Even for President Trump, it was an imagined version of reality, one in which he was not losing but the victim of a wide-ranging conspiracy stretching across the country in multiple cities, counties and states, involving untold numbers of people all somehow collaborating to steal the election in ways he could not actually explain.
Never mind that Trump presented not a shred of evidence during his first public appearance since late on election night or that few senior Republican officeholders endorsed his false claims of far-reaching fraud. A presidency born in a lie about Barack Obama’s birthplace appeared on the edge of ending in a lie about his own faltering bid for re-election.
“If you count the legal votes, I easily win,” Trump said Thursday night in an unusually subdued, 17-minute televised statement from the lectern in the White House briefing room, complaining that Democrats, the news media, pollsters, big technology companies and nonpartisan election workers had all corruptly sought to deny him a second term.
“This is a case where they’re trying to steal an election,” he said. “They’re trying to rig an election, and we can’t let that happen.”
He convinced few people who were not already in his corner. Most of the television networks cut away from the statement on the grounds that what Trump was saying was not true.
On CNN, former Senator Rick Santorum of Pennsylvania, a Republican often put in the position of defending Trump over the years, appeared exasperated as he denounced the President’s loose talk of election thievery as “dangerous” and “shocking” and declared that “counting absentee ballots and counting mail-in ballots is not fraud..”

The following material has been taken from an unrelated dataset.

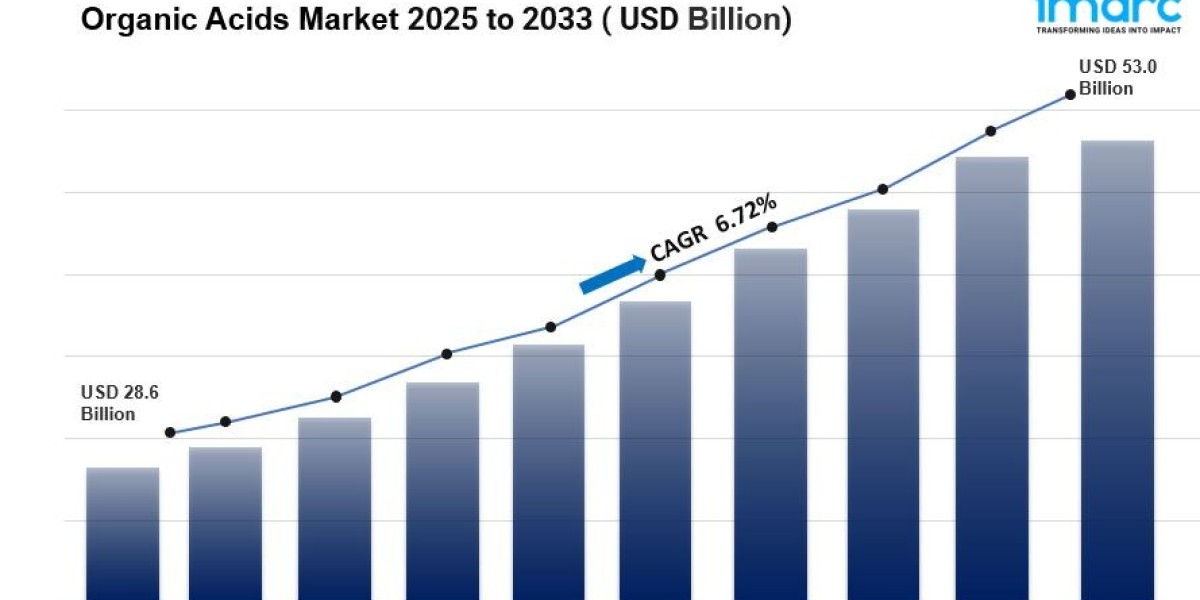 Organic Acids Market Valuation to reach USD 53.0 Billion by 2033 | CAGR of 6.72% During 2025-2033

The New York Post, which published salacious articles on Hunter Biden planted by Trump’s associates before the election, headlined an article: “Downcast Trump Makes Baseless Election Fraud Claims in White House Address.” Even Fox News noted it had seen no “hard evidence” of widespread wrongdoing.
“There is no defence for the President’s comments tonight undermining our Democratic process,” governor Larry Hogan, Republican of Maryland and a critic of the President, wrote on Twitter. “America is counting the votes, and we must respect the results as we always have before. No election or person is more important than our Democracy.”
Former governor Chris Christie, Republican of New Jersey and a longtime ally of Trump’s, likewise disputed the President. “I talk tonight now not as a former governor but as a former US attorney — there’s just no basis to make that argument tonight,” he said on ABC News. “There just isn’t.”
With his presidency on the line, Trump’s lonely appearance in the briefing room with no allies joining him and only staff members and reporters in attendance underscored how isolated he has become just two days after Election Day.
With vote counts in key states turning grimmer even as he spoke, Trump was poised to end this term in office the way he began his presidential campaign in 2015 — defended most vocally by family members and a few loyalists while Republican leaders held him at arm’s length rather than embrace outlandish claims.
With Republican members of Congress largely staying silent or issuing anodyne comments about the importance of transparent vote counting, Trump was left to dispatch his two adult sons to hold news conferences in Pennsylvania and Georgia to protest aspects of the vote count.
They were accompanied by allies like Rudolph W. Giuliani, his personal lawyer, and Corey Lewandowski, his first campaign manager from 2016. The same scene played out in Nevada, where a Trump ally, Richard Grenell, made claims about voting fraud that news outlets debunked a short time later.
Members of Trump’s inner circle sounded almost desperate as they sought to threaten other Republicans into backing Trump.